Role of NKT Cells in the Pathogenesis of NAFLD

Kazuto Tajiri¹and Yukihiro Shimizu²

Academic Editor: Manuela Neuman

Received09 Nov 2011

Revised12 Jan 2012

Accepted23 Jan 2012

Published05 Apr 2012

Abstract

Nonalcoholic fatty liver disease (NAFLD) is the most frequent chronic liver disease and shows various inflammatory changes in the liver. Among those inflammatory cells, natural killer T (NKT) cells are found to have a critical role during the disease progression. NKT cells may have a protective role at the early stage with simple steatosis through modification of insulin resistance, whereas they act as a progression factor at the advanced stage with fibrosis. Those processes are thought to depend on interaction between NKT cells and CD1d molecule in the liver.

1. Introduction

Nonalcoholic fatty liver disease (NAFLD) is the most frequent chronic liver disease in the world [1]. NAFLD shows various degrees of necroinflammatory changes and fibrosis in the liver and has been shown to lead to cirrhosis and hepatocellular carcinoma (HCC) [2]. As for the progression of NAFLD from simple fatty liver (FL) to nonalcoholic steatohepatitis (NASH), the “two-hit theory,” which proposes the accumulation of fat as the first hit sensitizes the liver to a variety of second “hits” leading to hepatic injury, inflammation and fibrosis, has been generally accepted as an essential mechanism [3], although precise mechanism of the disease progression is still uncertain.
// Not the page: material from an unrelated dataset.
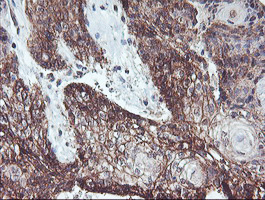 RFXANK Antibody - IHC of paraffin-embedded Carcinoma of Human bladder tissue using anti-RFXANK mouse monoclonal antibody. (Heat-induced epitope retrieval by 10mM citric buffer, pH6.0, 100C for 10min).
Because various degrees of inflammatory cell infiltration are seen in the livers with NAFLD, especially in NASH, immunological mechanisms are also thought to be profoundly associated with the pathogenesis and progression of NAFLD leading to fibrosis or HCC. However, the precise role of hepatic inflammation or contribution of immune responses in the pathogenesis of NAFLD has not been clarified yet. Recently, innate immune cells including natural killer T (NKT) cells have been shown to contribute to the pathogenesis. In this paper, we summarize and discuss the role of immune reactions in the pathogenesis of NAFLD, especially focusing on NKT cells.

2. Hepatic NKT Cells and Their Role in the Pathogenesis of Liver Diseases

2.1. NKT Cells in the Liver

The liver contains a unique population of resident mononuclear cells including innate immune cells such as Kupffer cells (KCs) or NKT cells, possibly because of a defense mechanism against constant exposure to a variety of toxins and antigens from intestinal bacteria through portal veins [4]. NKT cells are most abundant in the liver, and their regulatory roles in hepatic inflammation have been reported [5]. NKT cells are the unique subset of cells, which have both T-cell receptor (TCR) and specific surface molecules for natural killer cells [6] and are found with up to 30% of the intrahepatic lymphocytes in mice, and up to 10% of them in humans [7].

2.2. Immunoregulatory Role of NKT Cells

NKT cells are divided into type 1 and type 2 NKT cells according to the dependence on the interaction with CD1d, which is a nonpolymorphic glycolipid antigen-presenting molecule structurally related to the class I major histocompatibility complex (MHC). Type 1 NKT cells, which express an invariant TCR containing Vα14 in mice or Vα24 in human, recognize glycolipids in conjunction with CD1d, whereas the repertoire of TCR of Type 2 NKT cells are diverse although precise character is less well understood [6]. CD1d is a molecule originally identified on thymocytes or antigen-presenting cells [8, 9]. In normal livers, CD1d is mainly expressed on KCs, but is also expressed on hepatocytes at a very low level. CD1d molecule is upregulated on both hepatocytes and bile duct epithelium in liver diseases including NAFLD [10, 11].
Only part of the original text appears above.